FLORENCE, S.C. (AP) - Summer vacations bring beach trips and a two-month hiatus from school for many teachers, but for Lamar High School math teacher Michelle Greene, summer brought a two-week excursion on a National Oceanic and Atmospheric Administration ship.
From July 15 to Aug. 3, Greene and scientists tracked cetaceans, whales, dolphins and porpoises, in the northern Atlantic Ocean near Rhode Island and Nova Scotia, Canada, through the NOAA Teacher at Sea program.
Greene said she decided to pursue the program after having a student who was interested in weather and would tell her about weather tracking.
Though she didn’t have a science background, Greene was willing to learn and follow the scientists’ lead, she said.
“They were very generous to sit down with me to tell me about some things,” Greene said.
There were two crews aboard the boat: a visual sighting crew to track the watch for whales when they break the surface of the water and an acoustics crew to use a hydrophone to listen for whales’ clicking noises during hunts.
Greene spent her time helping as a data recorder with the visual sighting crew.
“I’m a math teacher,” Greene said, “so the data recorder was where I was.”
The crews mainly focused on tracking beaked whales - especially the True’s beaked whale.
According to Greene, True’s beaked whales are deep divers and are harder to track. She said they live close to the continental shelf so they can dive 800 to 1,000 meters deep to hunt for food.

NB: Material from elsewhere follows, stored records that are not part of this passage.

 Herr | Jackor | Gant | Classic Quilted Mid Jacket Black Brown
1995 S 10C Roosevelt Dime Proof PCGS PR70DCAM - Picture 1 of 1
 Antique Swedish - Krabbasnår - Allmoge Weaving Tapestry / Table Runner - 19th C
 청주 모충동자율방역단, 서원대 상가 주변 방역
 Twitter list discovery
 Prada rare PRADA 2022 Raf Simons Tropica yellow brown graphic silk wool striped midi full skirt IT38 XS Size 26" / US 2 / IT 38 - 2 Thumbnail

“They’ve not been studied much at all, because they’re very elusive,” Greene said.
Overall, the crews collected different types of information from the whales, such as EDNA, a type of DNA that whales shed in their skin, and their dive patterns.
Greene said she got to name one of the whales.

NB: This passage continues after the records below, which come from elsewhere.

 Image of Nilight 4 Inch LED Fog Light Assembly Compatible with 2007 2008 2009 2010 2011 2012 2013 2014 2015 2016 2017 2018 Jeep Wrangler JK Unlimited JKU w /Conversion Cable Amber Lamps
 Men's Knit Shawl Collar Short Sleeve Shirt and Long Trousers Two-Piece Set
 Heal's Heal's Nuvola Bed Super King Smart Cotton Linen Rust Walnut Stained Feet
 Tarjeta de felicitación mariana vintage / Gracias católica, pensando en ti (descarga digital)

“I’d been having a hard time finding the whales, because knowing the difference between a wave and a whale breaching was hard, because they’re about the same color,” Greene said.
But two or three days before the end of the excursion, Greene had her moment, she said.
She spotted a male True’s beaked whale that she named Elvis. The whale also traveled with five or six females.
When the crews lost sight of Elvis after 13 hours of tracking him, Greene said, “Elvis has left the building.”
Greene said the experience is one she wishes all of her students and colleagues could experience.
“I felt like every day I was more like a sponge, trying to get as much of it as I possibly could, and it was so rewarding in that that I’m a piece of history, because these whales have not been studied a lot,” Greene said. “Now we know more information about them, and I was a part of that. That’s pretty exciting.”
After taking part in the NOAA Teacher at Sea program, Greene said she wants to use the information she learned to better educate her students.
Greene is using some data on whales in her math classes to create presentations and a website to present to the school and her classes about whales.
“I’m taking everything that I’ve learned and trying to make sure that the kids have some aspect in which they can touch upon,” Greene said.
Greene also said she learned about a brand new career field to tell her students about.
“I try to expose my students to the real world as much as I can,” Greene said.